Spotlight on Data: Machine Learning in Production at Google Scale with Todd Underwood
Published by O'Reilly Media, Inc.
Making machine learning reliable
Watch the video recording of this event.
You can propel your business forward with AI-centric approaches to solving customer needs, but to be successful, you need to deploy your machine learning models at scale. Yet engineers face unique challenges when using machine learning-based products in production environments, such as specialized resource management and measuring user happiness.
Join us for this edition of Spotlight on Data as Todd Underwood, Google’s director and lead for machine learning in site reliability engineering (SRE), explains how to sustainably run machine learning systems at scale.
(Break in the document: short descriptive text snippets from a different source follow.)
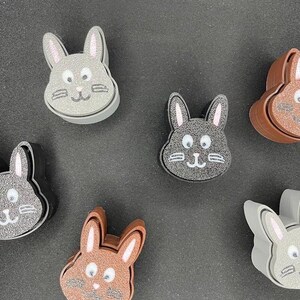 May include: Six gray, brown, and white bunny-shaped figurines with pink ears and white eyes. The figurines are made of a soft, textured material.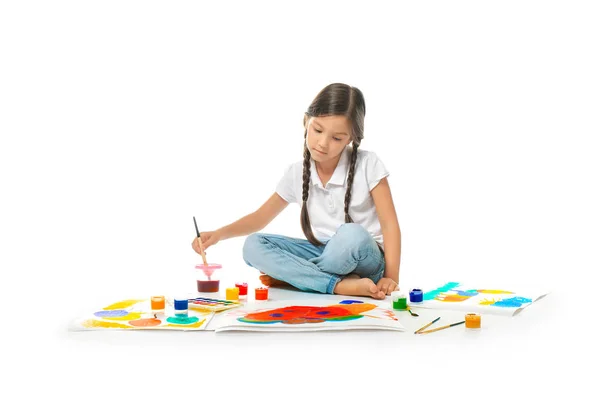 Little cute girl painting picture against white background — Stock Photo, Image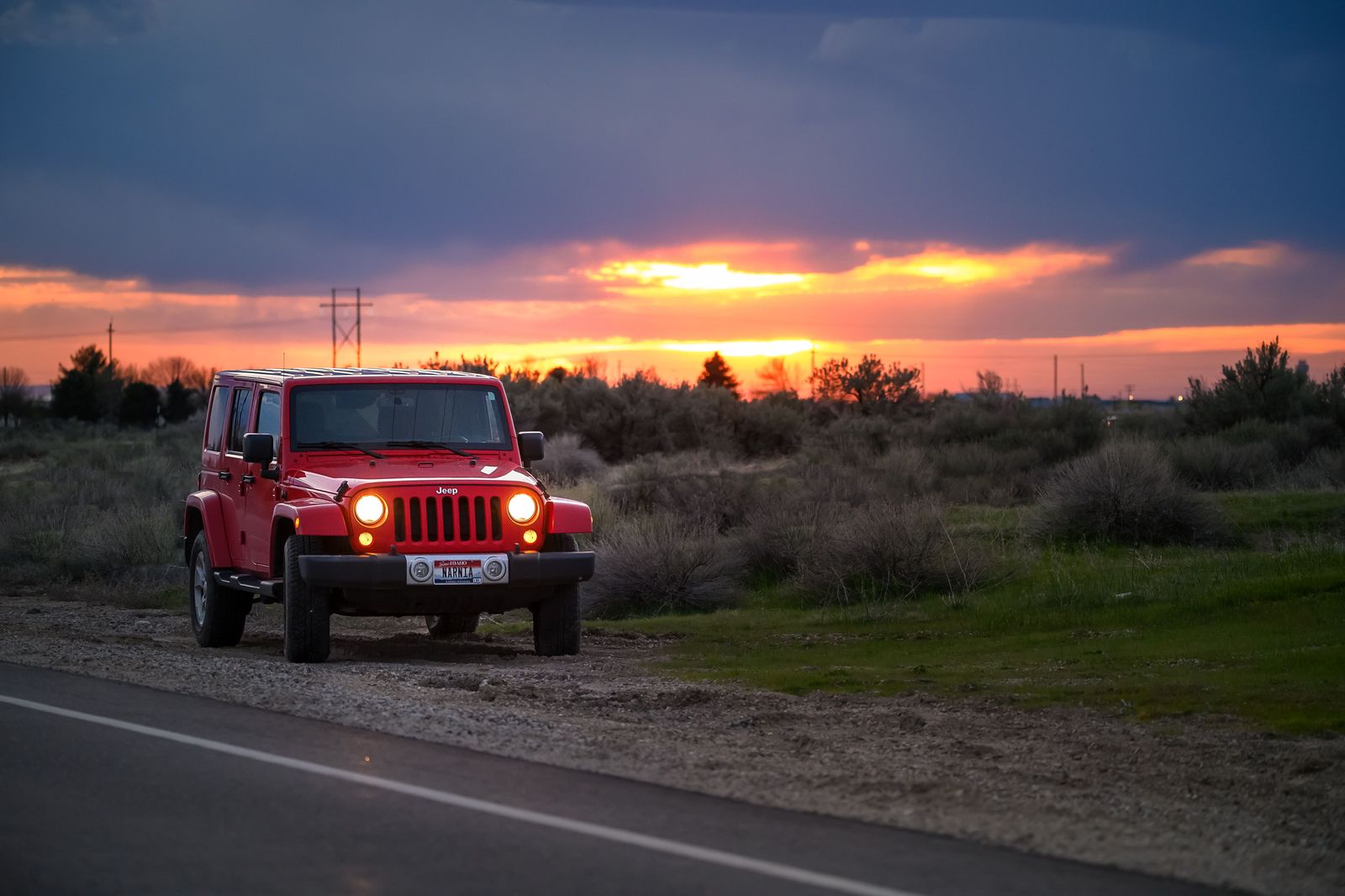 A black SUV on a highway at dusk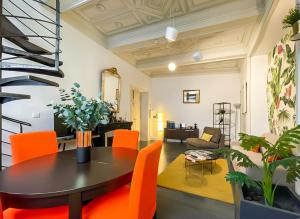 a living room with a table and orange chairs at DUPLEX DE CHARME XVIIIᵉ - TERRASSE Privée - Centre Historique - HALLES GARE - Tout à Pied - RétroMirabeau Le Jacobin in Narbonne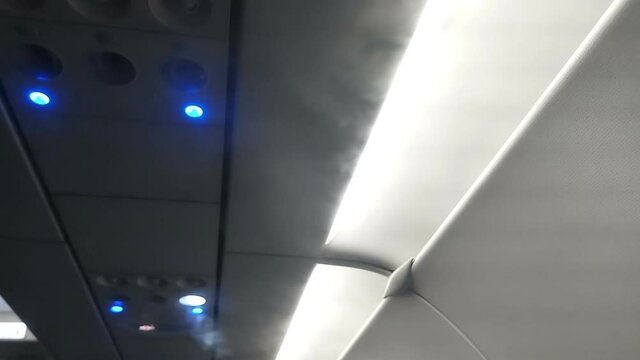 Air conditioing outlets of an aeroplane are releasing cool air to keep temparature down inside flight.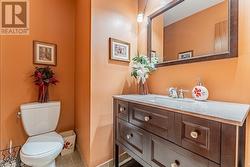 Bathroom featuring toilet, vanity, and tile patterned floors - 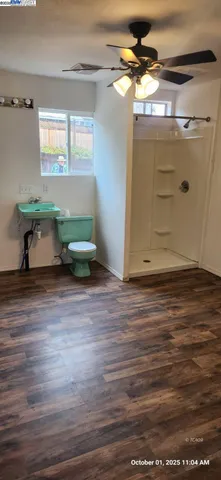 a room with wooden floor and white walls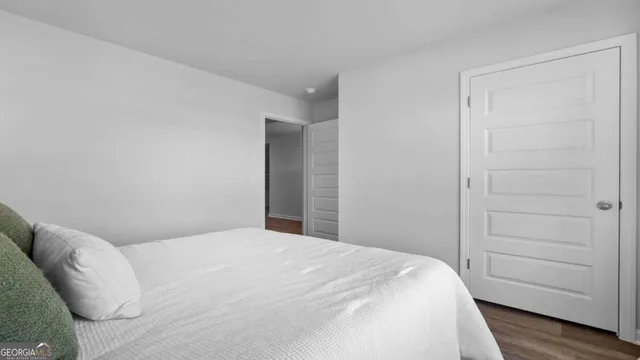 a bedroom with a bed and a rug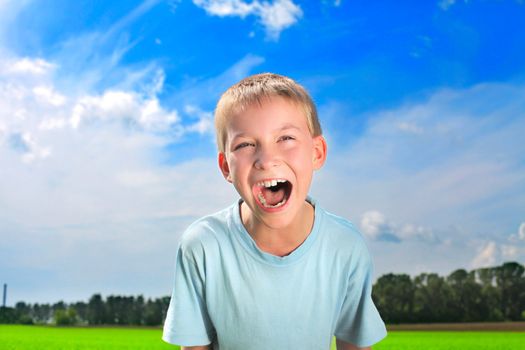 portrait of screaming boy outdoor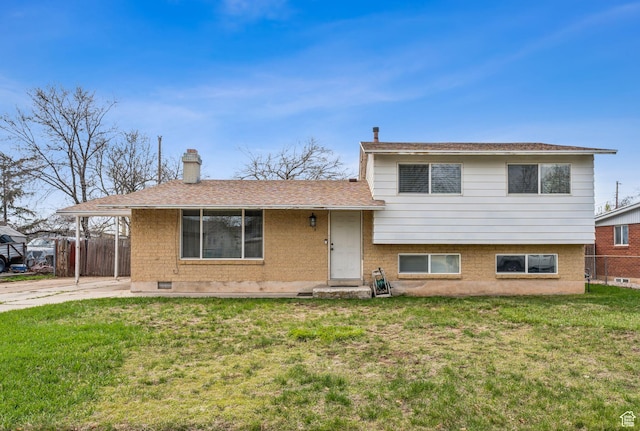 split level home featuring a chimney, a front yard, brick siding, fence, and a shingled roof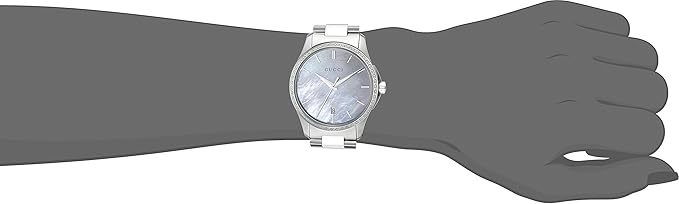 Gucci G-Timeless mother of pearl watch worn on wrist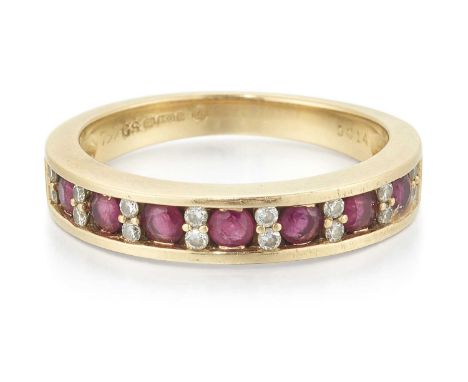 AN 18 CARAT GOLD RUBY AND DIAMOND HALF HOOP RING oval-cut rubies spaced by pairs of round brilliant-cut diamonds. Stated tota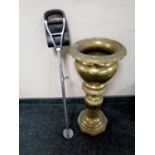 An ornate brass planter together with a shooting stick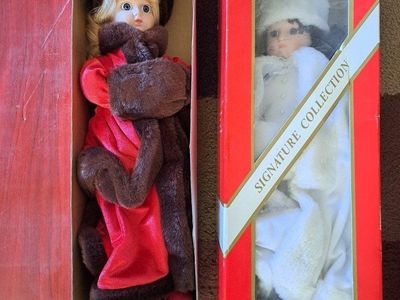 2 old porcelain dolls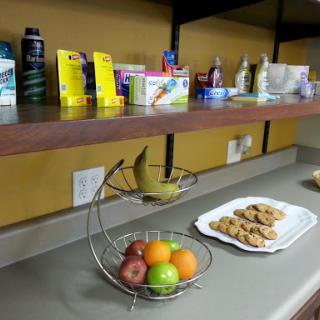 A kitchen counter displaying a fruit bowl with bananas, apples, and oranges, alongside a plate of cookies and various products on the shelf above.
You’ll learn why machine learning is essential to Google’s core functions, providing key advantages across most of Google’s products, including Search, Ads, Payments, Billing, Shopping, and more, and how SRE supports these production machine learning systems. You’ll also discover how the company is working to democratize access to AI by making machine learning technologies available to customers via its Cloud AI products.
O’Reilly Spotlight explores emerging business and technology topics and ideas through a series of one-hour interactive events. You’ll engage in a live conversation with experts, sharing your questions and ideas while hearing their unique perspectives, insights, fears, and predictions for the future.
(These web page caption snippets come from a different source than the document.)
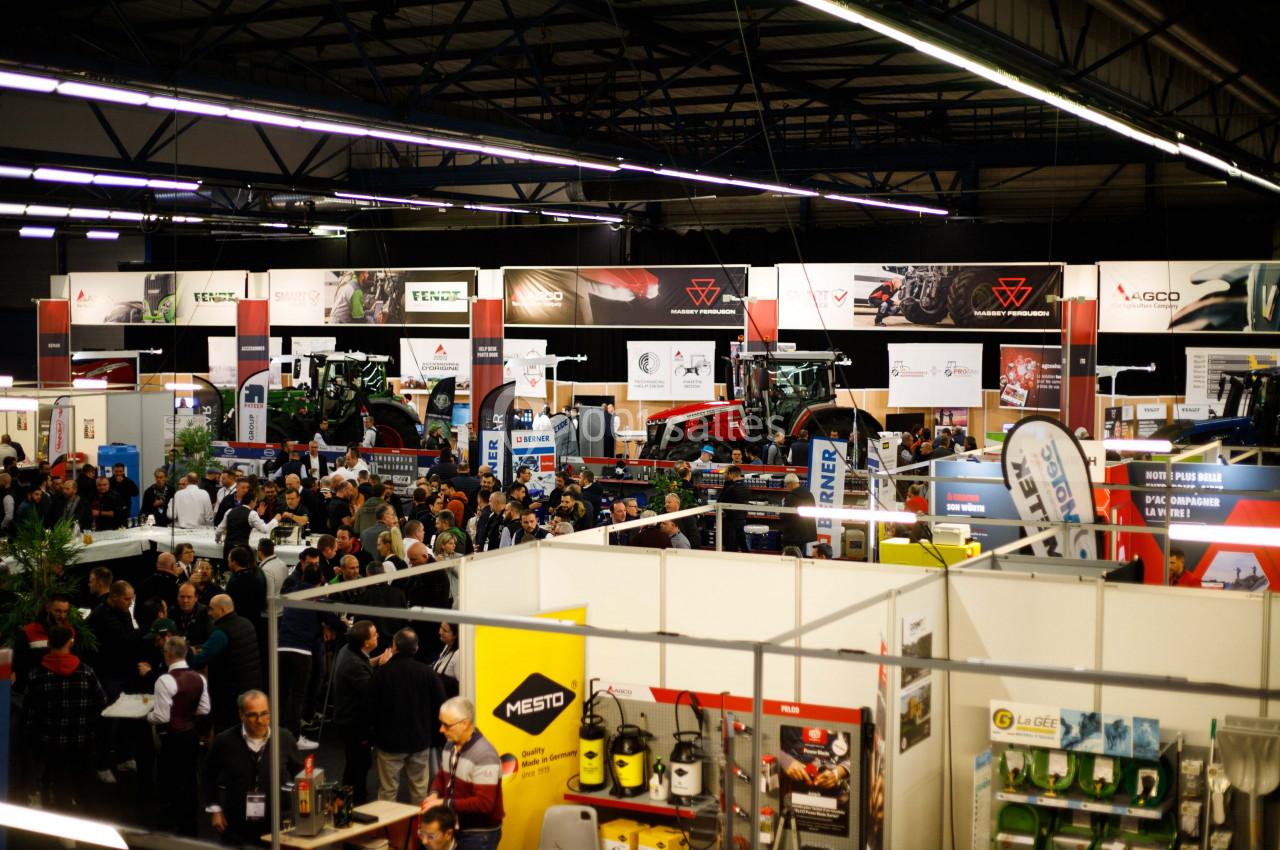 Vue d'un salon professionnel avec des stands exposant des équipements agricoles et un public nombreux.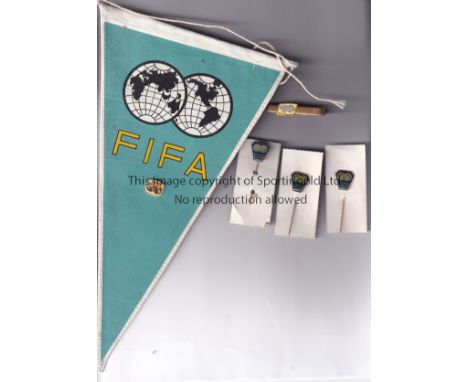 FIFA   Official FIFA pennant, three FIFA pin badges, gold FIFA lapel badge  and gold coloured FIFA tiepin, all previously the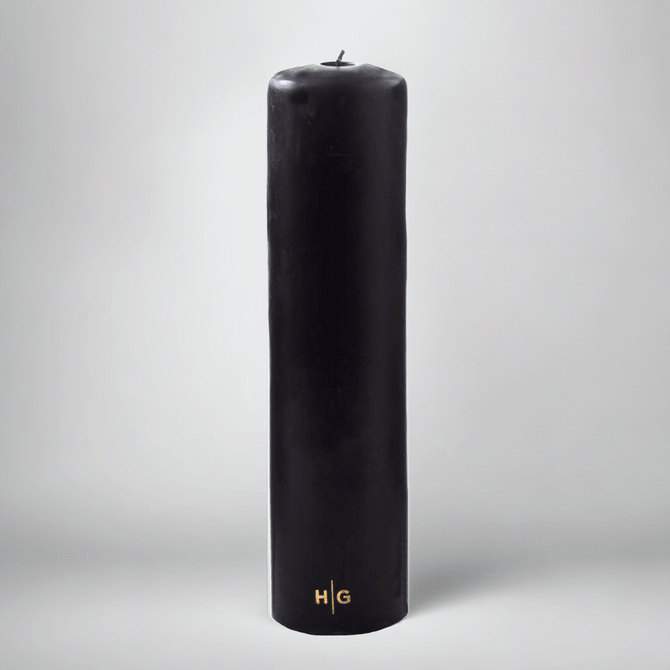 HG Black Unscented Pillar Candle, 3"x12", with gold HG logo and oversized cotton wick.
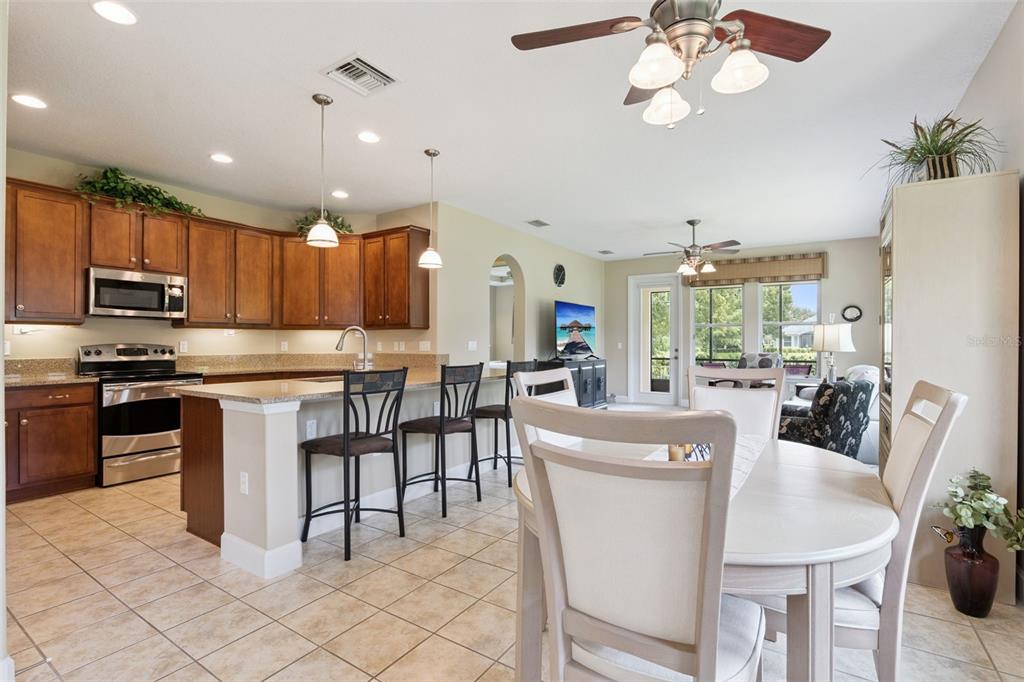 A kitchen with wood cabinets and a breakfast bar opens to a dining area — 1381 ABBOT WAY, DELAND, FL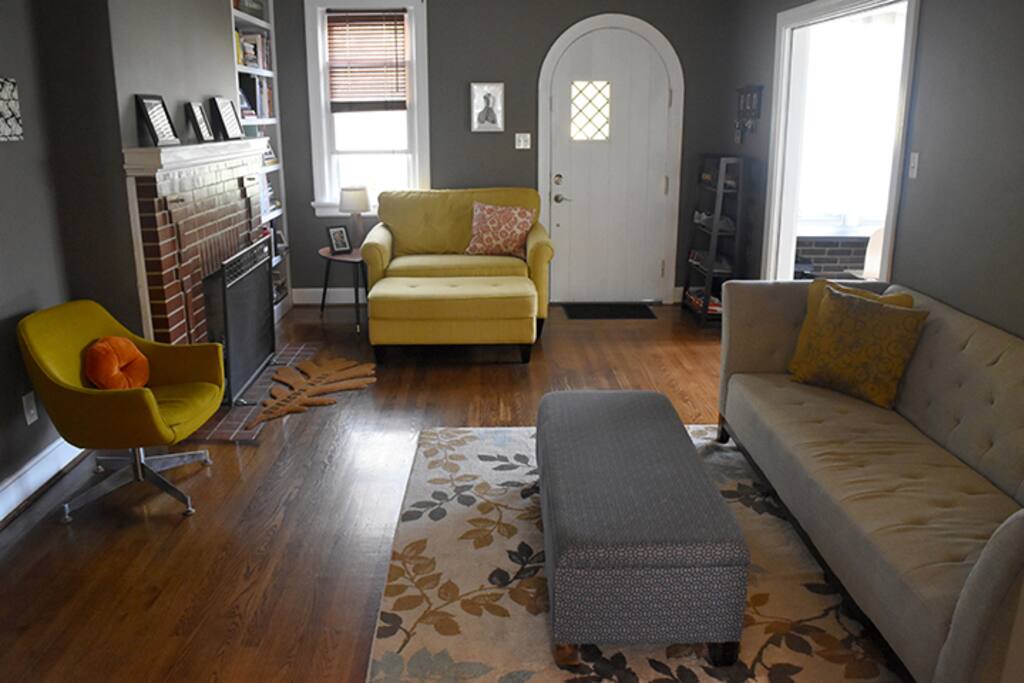 Living room with gas fireplace, bookshelf full of art books, and smart 50" TV with Bluray player and surround sound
In every edition of Spotlight on Data, you’ll learn about, discuss, and debate the tools, techniques, questions, and quandaries in the world of data. You’ll discover how successful companies leverage data effectively and how you can follow their lead to transform your organization and prepare for the Next Economy.
What you’ll learn and how you can apply it
- Key considerations for deploying your machine learning models and services at scale
- How SRE can best support production machine learning systems
This live event is for you because...
- You're an engineer or other technical contributor to machine learning projects, and you need to know how to scale and support your services in production environments.
Prerequisites
- Come with your questions for Todd Underwood
- Have a pen and paper handy to capture notes, insights, and inspiration
Recommended follow-up:
- Read AI and Analytics in Production (report)
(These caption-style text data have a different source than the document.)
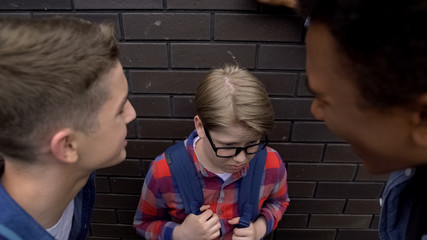Tall students bullying junior boy, teasing about small stature, domination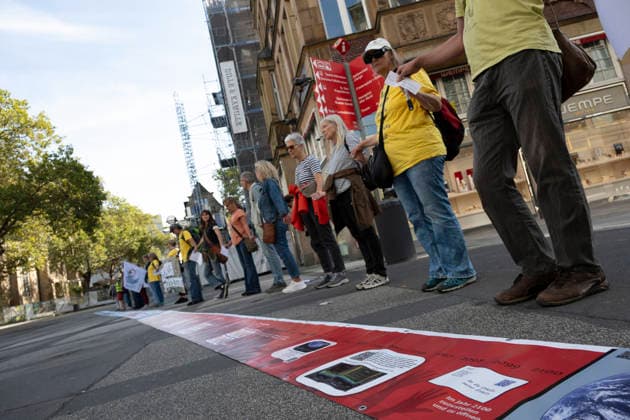 October 3, 2026 Press event: Es brennt initiative—human chain in Dortmund, Hansaplatz; participants on Westenhellweg, Dortmund; Hansaplatz and Westenhellweg, North Rhine-Westphalia, Germany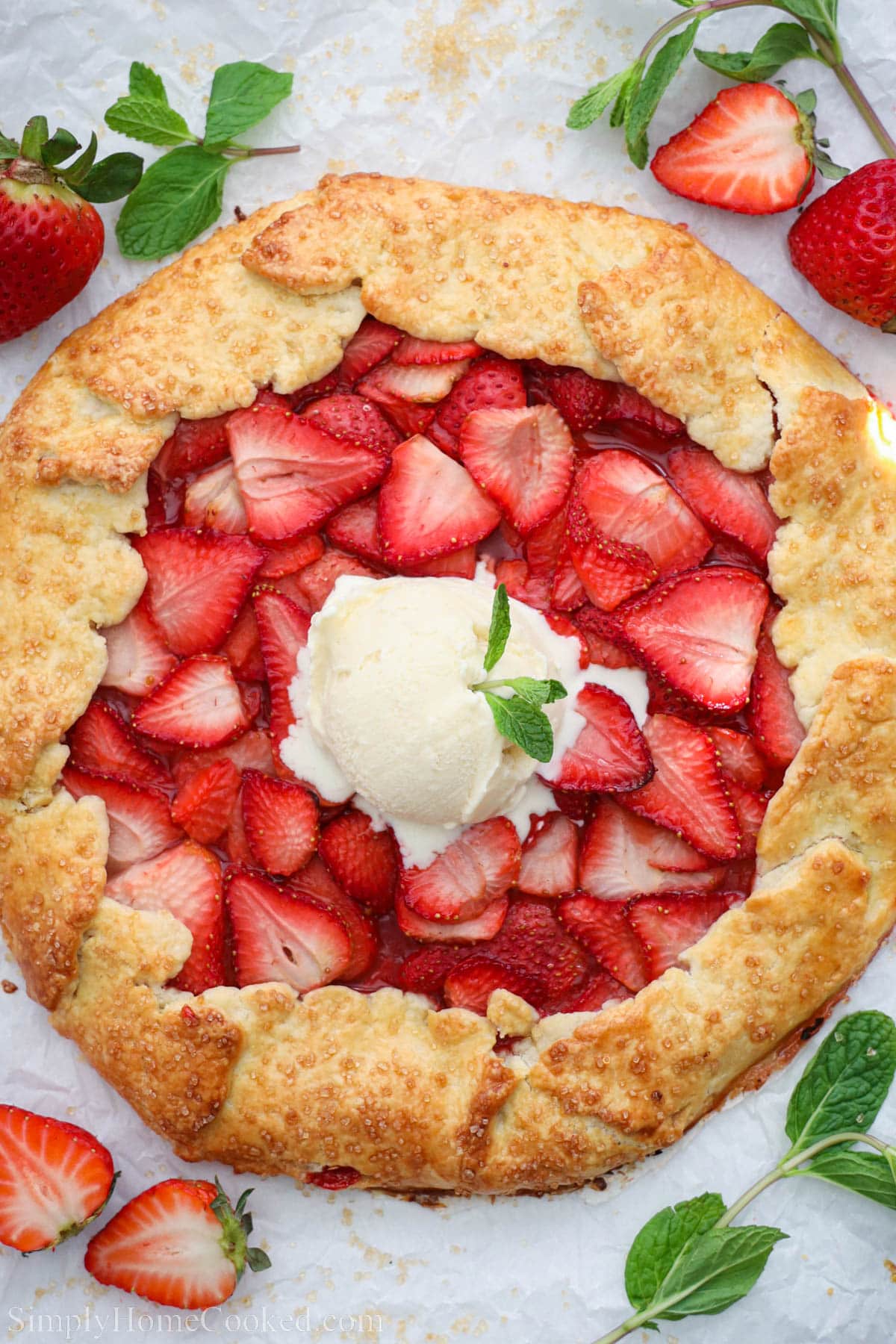 Overhead view of Strawberry galette topped with vanilla ice cream.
- Read Machine Learning Logistics (report)
- Take Deploying Machine Learning Models to Production (live online training course with Armen Donigian)
- Explore Google ML Crash Course (online training)
Schedule
The time frames are only estimates and may vary according to how the class is progressing.
Monday, August 5, 2019, at 9:00am PT / 12:00pm ET
- Introduction and presentation (15 minutes)
- Interactive discussion and Q&A (45 minutes)
Your Guest
Todd Underwood
Todd Underwood is a site reliability engineering director at Google in Pittsburgh, leading several teams of engineers working on machine learning, Ads, Payments, Billing, Shopping, and data center and cluster infrastructure. Todd’s expertise includes distributed systems, especially for machine learning and AI pipelines, and he has a background in systems engineering and networking. He’s presented work on the future of systems and software reliability engineering at LISA13, LISA16, and SREcon EU15. He’s coauthor of a chapter in the O'Reilly Site Reliability Engineering book and has published a paper in USENIX’s ;login: magazine. Todd has presented work related to internet routing dynamics and relationships at NANOG, RIPE, and various internet interconnection meetings and was previously chair of the NANOG Program Committee and the RIPE Programme Committee.